Records excerpted from a collection
============================================================

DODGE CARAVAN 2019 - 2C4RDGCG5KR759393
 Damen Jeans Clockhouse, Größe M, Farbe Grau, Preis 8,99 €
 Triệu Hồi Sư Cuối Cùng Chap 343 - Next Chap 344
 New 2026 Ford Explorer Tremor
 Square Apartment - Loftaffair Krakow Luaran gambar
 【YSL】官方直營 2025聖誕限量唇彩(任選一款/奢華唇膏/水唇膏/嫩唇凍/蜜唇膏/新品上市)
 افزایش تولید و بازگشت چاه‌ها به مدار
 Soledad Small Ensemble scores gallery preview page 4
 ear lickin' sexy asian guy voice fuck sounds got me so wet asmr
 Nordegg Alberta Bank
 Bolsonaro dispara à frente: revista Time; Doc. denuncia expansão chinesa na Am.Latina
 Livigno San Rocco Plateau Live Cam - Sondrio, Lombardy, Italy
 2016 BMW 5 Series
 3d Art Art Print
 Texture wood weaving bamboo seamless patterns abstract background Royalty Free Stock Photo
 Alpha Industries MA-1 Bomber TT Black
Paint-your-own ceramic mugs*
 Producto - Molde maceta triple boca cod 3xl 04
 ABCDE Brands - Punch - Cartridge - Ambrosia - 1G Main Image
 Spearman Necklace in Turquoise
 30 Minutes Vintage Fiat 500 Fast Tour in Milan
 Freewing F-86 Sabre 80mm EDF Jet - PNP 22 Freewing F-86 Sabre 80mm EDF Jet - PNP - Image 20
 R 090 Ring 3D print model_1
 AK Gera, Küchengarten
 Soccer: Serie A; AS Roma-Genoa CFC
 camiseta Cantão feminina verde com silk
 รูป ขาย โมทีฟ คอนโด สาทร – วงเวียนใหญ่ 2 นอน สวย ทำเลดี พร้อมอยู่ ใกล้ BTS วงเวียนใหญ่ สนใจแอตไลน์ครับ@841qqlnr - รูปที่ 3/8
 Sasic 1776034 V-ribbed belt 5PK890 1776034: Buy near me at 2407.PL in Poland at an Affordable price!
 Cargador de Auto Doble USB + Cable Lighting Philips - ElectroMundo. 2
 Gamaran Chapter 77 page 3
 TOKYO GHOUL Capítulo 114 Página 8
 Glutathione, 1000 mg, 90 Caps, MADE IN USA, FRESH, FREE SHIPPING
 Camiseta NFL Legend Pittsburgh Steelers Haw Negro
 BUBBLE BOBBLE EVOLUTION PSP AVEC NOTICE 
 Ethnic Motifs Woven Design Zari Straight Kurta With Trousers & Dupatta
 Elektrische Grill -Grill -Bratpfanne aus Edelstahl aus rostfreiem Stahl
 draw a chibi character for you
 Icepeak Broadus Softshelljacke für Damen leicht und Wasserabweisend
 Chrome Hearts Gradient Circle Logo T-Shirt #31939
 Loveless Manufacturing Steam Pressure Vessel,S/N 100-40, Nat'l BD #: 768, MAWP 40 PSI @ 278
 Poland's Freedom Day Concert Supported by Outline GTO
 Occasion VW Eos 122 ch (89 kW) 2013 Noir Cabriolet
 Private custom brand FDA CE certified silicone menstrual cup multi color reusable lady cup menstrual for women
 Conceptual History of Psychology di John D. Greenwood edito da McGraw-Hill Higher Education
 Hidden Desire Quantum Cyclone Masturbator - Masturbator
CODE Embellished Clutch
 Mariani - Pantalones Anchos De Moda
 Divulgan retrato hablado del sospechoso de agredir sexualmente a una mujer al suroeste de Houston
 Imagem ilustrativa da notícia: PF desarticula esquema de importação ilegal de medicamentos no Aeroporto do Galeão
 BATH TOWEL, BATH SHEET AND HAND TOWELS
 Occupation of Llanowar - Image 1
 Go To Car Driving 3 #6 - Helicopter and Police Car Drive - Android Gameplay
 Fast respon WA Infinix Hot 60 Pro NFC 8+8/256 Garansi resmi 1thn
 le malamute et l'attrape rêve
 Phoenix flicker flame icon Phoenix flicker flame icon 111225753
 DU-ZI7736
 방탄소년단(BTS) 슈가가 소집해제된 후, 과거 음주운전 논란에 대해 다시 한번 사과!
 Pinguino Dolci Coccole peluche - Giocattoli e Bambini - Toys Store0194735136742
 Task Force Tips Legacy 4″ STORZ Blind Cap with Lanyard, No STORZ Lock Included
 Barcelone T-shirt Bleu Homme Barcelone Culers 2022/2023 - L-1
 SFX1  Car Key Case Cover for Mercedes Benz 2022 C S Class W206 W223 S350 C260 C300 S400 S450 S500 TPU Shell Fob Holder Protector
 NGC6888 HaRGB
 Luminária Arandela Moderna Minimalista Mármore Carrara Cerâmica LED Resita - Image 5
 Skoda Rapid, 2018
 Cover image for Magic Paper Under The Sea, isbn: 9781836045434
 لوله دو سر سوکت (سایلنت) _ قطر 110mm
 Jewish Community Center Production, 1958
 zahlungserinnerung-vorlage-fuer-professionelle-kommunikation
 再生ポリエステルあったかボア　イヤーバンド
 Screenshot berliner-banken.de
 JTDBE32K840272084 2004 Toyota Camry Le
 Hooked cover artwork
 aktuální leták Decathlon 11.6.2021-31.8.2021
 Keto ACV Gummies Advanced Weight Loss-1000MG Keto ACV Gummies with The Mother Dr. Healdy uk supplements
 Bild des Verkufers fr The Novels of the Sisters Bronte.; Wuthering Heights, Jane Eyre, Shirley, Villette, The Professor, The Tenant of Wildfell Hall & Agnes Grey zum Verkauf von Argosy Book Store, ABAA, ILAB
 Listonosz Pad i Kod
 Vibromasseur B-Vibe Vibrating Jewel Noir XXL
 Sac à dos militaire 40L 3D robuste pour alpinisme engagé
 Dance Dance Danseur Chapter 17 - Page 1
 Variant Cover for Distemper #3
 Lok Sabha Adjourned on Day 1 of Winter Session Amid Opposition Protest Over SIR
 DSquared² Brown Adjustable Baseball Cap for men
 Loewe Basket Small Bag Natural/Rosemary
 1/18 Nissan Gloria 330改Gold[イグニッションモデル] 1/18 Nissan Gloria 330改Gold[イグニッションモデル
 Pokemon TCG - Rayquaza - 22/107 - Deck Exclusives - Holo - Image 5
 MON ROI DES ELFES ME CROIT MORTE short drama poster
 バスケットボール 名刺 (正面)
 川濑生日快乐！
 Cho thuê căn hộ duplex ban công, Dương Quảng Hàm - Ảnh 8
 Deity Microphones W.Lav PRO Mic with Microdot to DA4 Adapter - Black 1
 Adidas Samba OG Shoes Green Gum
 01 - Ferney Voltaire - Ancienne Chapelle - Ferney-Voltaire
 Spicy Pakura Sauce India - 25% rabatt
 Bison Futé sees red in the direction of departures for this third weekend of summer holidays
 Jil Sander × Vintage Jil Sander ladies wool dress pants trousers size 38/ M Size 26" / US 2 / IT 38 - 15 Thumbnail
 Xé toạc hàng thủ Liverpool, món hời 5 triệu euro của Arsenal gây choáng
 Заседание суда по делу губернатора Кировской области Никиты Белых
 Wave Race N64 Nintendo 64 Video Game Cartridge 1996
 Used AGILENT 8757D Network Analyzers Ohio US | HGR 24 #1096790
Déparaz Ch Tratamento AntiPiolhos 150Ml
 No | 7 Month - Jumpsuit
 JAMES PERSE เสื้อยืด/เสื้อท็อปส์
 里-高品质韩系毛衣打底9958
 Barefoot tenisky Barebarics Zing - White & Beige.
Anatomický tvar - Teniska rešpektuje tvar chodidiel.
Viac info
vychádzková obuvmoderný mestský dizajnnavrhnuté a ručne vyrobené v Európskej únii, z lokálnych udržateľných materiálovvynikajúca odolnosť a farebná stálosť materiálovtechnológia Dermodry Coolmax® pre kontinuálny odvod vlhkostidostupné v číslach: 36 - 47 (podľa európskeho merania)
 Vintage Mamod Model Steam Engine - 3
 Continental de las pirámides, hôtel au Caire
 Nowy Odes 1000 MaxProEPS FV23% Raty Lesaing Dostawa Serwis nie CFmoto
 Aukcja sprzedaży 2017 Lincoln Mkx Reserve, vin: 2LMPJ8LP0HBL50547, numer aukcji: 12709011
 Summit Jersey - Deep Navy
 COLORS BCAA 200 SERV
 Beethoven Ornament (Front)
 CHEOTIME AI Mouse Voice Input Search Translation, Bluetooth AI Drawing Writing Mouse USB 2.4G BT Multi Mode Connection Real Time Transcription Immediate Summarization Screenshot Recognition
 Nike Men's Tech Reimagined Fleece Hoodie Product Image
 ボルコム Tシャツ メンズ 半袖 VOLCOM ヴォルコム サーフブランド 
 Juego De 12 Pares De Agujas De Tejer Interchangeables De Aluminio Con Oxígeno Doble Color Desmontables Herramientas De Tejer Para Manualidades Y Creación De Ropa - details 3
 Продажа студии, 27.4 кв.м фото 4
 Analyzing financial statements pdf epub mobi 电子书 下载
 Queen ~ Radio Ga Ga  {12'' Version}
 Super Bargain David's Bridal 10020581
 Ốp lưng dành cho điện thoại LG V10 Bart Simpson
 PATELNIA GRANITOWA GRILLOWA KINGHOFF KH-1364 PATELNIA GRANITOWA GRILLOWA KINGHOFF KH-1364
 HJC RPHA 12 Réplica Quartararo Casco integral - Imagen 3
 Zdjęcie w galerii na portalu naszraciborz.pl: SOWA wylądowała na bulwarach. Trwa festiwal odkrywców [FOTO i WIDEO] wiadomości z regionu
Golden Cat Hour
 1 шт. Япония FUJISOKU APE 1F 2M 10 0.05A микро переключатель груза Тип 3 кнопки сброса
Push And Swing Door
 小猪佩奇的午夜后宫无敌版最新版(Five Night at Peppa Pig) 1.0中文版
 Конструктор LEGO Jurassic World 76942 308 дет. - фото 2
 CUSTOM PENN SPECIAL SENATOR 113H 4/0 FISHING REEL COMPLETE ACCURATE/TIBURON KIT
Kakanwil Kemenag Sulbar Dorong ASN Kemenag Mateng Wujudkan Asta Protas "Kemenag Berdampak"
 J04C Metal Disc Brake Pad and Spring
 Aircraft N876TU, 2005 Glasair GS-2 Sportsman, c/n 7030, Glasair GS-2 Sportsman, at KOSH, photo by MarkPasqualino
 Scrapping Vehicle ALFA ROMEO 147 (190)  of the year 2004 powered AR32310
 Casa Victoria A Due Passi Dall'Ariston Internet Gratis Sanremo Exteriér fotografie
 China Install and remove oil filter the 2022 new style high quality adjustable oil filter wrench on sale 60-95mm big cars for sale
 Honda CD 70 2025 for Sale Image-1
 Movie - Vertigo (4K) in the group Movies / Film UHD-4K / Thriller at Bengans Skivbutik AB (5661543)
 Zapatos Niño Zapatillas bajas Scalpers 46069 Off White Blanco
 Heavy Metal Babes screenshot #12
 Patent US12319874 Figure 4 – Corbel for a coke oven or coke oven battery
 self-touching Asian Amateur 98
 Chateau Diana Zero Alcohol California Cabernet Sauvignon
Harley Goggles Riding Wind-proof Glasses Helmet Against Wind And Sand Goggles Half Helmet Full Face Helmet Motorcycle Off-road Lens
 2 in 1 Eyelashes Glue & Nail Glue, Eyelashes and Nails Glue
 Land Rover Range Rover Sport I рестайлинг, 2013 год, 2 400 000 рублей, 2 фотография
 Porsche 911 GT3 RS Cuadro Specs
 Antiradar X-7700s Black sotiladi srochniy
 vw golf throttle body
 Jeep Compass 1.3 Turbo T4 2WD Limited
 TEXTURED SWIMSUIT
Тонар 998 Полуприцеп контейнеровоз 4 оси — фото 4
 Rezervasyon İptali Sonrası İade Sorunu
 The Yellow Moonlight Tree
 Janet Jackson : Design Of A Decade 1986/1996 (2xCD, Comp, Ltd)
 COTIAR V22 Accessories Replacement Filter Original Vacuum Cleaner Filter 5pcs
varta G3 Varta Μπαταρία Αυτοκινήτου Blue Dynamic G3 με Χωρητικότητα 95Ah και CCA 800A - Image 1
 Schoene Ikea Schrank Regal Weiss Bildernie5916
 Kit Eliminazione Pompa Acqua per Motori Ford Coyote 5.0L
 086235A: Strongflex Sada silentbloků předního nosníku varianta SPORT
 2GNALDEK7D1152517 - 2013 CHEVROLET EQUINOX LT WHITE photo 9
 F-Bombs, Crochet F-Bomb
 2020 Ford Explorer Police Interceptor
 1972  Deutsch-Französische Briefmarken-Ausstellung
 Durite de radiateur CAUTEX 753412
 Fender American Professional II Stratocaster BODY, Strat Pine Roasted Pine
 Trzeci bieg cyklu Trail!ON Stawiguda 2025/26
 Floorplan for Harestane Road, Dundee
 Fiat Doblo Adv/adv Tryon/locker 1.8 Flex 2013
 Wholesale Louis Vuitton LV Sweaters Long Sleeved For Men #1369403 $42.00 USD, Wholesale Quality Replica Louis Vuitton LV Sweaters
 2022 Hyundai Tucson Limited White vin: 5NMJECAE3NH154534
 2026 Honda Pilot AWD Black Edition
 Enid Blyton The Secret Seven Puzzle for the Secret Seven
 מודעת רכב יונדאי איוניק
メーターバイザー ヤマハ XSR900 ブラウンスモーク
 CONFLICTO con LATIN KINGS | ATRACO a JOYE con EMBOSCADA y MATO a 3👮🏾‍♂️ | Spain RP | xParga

============================================================

**What needs to be done**
Could you reproduce exactly the lines of the entries above, from the one with "aktuální leták Decathlon 11.6.2021-31.8.2021" through the one with "Listonosz Pad i Kod", and nothing else?

**Task result**
 aktuální leták Decathlon 11.6.2021-31.8.2021
 Keto ACV Gummies Advanced Weight Loss-1000MG Keto ACV Gummies with The Mother Dr. Healdy uk supplements
 Bild des Verkufers fr The Novels of the Sisters Bronte.; Wuthering Heights, Jane Eyre, Shirley, Villette, The Professor, The Tenant of Wildfell Hall & Agnes Grey zum Verkauf von Argosy Book Store, ABAA, ILAB
 Listonosz Pad i Kod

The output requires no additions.